Less serious side effects may include:

  • mild itching;
  • nausea, diarrhea; or
  • pain, bruising, itching, swelling, or a hard lump where the injection was given.

This is not a complete list of side effects and others may occur. Call your doctor for medical advice about side effects. You may report side effects to FDA at 1-800-FDA-1088.

What other drugs will affect hydroxyprogesterone?

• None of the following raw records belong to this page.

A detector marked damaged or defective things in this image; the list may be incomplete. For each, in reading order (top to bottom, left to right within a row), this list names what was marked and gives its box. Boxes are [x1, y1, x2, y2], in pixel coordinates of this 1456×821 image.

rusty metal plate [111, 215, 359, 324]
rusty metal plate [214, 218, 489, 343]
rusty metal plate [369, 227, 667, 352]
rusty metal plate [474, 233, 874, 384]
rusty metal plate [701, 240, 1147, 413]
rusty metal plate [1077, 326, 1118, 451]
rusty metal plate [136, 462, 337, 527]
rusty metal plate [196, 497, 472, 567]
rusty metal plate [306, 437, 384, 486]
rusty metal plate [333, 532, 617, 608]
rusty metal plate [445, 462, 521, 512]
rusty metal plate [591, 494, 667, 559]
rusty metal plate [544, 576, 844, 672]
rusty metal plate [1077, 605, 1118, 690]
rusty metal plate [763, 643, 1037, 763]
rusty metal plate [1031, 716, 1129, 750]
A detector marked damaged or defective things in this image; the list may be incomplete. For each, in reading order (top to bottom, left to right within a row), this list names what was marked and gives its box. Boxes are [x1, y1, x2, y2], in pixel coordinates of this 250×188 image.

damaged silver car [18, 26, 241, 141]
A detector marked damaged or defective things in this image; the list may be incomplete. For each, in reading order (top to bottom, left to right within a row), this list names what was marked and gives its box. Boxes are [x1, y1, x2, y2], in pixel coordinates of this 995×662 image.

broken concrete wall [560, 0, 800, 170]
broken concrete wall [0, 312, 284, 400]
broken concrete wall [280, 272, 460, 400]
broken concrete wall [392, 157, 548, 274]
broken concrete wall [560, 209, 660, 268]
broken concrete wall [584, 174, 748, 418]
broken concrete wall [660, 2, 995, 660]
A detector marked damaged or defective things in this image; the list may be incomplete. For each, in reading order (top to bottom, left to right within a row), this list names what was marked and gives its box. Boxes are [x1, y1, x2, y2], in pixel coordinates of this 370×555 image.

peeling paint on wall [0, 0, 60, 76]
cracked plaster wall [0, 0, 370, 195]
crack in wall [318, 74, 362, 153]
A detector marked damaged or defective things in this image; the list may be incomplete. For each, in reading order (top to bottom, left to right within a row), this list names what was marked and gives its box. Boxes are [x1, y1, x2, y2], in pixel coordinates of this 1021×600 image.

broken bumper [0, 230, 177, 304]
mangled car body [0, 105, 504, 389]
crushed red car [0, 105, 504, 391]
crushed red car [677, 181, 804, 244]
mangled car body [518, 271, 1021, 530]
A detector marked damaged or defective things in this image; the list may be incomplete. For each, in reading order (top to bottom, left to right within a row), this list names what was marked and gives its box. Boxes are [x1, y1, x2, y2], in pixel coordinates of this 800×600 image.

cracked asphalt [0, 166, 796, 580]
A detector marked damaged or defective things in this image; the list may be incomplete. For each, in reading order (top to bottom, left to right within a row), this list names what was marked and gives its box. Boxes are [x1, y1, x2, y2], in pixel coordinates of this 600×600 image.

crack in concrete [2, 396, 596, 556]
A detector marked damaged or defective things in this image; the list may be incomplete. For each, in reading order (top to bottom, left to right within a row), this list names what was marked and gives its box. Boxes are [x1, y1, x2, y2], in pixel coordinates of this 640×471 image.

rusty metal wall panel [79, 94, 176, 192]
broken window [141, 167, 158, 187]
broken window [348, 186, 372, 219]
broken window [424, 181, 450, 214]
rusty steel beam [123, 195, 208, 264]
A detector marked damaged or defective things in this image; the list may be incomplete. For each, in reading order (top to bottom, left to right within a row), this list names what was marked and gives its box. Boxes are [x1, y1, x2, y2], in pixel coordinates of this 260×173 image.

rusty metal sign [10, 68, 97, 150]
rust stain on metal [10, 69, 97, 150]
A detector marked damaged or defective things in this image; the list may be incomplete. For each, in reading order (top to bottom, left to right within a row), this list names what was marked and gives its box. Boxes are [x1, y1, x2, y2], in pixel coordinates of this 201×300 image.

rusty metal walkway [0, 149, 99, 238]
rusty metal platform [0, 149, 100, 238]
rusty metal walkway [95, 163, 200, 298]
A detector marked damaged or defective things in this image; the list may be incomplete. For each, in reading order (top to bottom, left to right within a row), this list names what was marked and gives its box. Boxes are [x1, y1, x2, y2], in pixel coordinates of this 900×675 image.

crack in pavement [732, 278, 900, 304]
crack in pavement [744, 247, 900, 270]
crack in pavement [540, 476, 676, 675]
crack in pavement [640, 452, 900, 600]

Tell your doctor about all other medicines you use, especially:

  • acetaminophen (Tylenol);
  • alosetron (Lotronex);
  • betaxolol (Kerlone) or propranolol (Inderal, InnoPran);
  • cyclophosphamide (Gengraf, Neoral, Sandimmune);
  • efavirenz (Sustiva, Atripla);
  • methadone (Methadose, Diskets, Dolophine);
  • mexiletine (Mexitil);
  • nicotine (Nicorette, Commit, Habitrol, Nicotrol, Nicoderm);
  • rifabutin (Mycobutin) or rifampin (Rifater, Rifadin, Rifamate);
  • riluzole (Rilutek);
  • ropinirole (Requip);
  • selegiline (Eldepryl, Emsam, Zelapar);
  • tacrine (Cognex);
  • an antidepressant such as bupropion (Wellbutrin), clomipramine (Anafranil), doxepin (Adapin, Sinequan), duloxetine (Cymbalta), fluvoxamine (Luvox), or mirtazepine (Remeron),
  • asthma medication such as aminophylline (Phyllocontin, Truphylline) or theophylline (Elixophyllin, Theo-24, Theochron, Uniphyl);
  • cancer medicine such as dacarbazine (DTIC-Dome), flutamide (Eulexin), or irinotecan (Camptosar);
  • medicines to treat psychiatric disorders, such as clozapine (Clozaril, FazaClo), pimozide (Orap), promethazine (Phenergan), thiothixene (Navane), or trifluoperazine (Stelazine); or
  • a muscle relaxer such as cyclobenzaprine (Flexeril) or tizanidine (Zanaflex).

This list is not complete and other drugs may interact with hydroxyprogesterone. Tell your doctor about all medications you use. This includes prescription, over-the-counter, vitamin, and herbal products. Do not start a new medication without telling your doctor.

Where can I get more information?

Your doctor or pharmacist can provide more information about hydroxyprogesterone.


Remember, keep this and all other medicines out of the reach of children, never share your medicines with others, and use this medication only for the indication prescribed.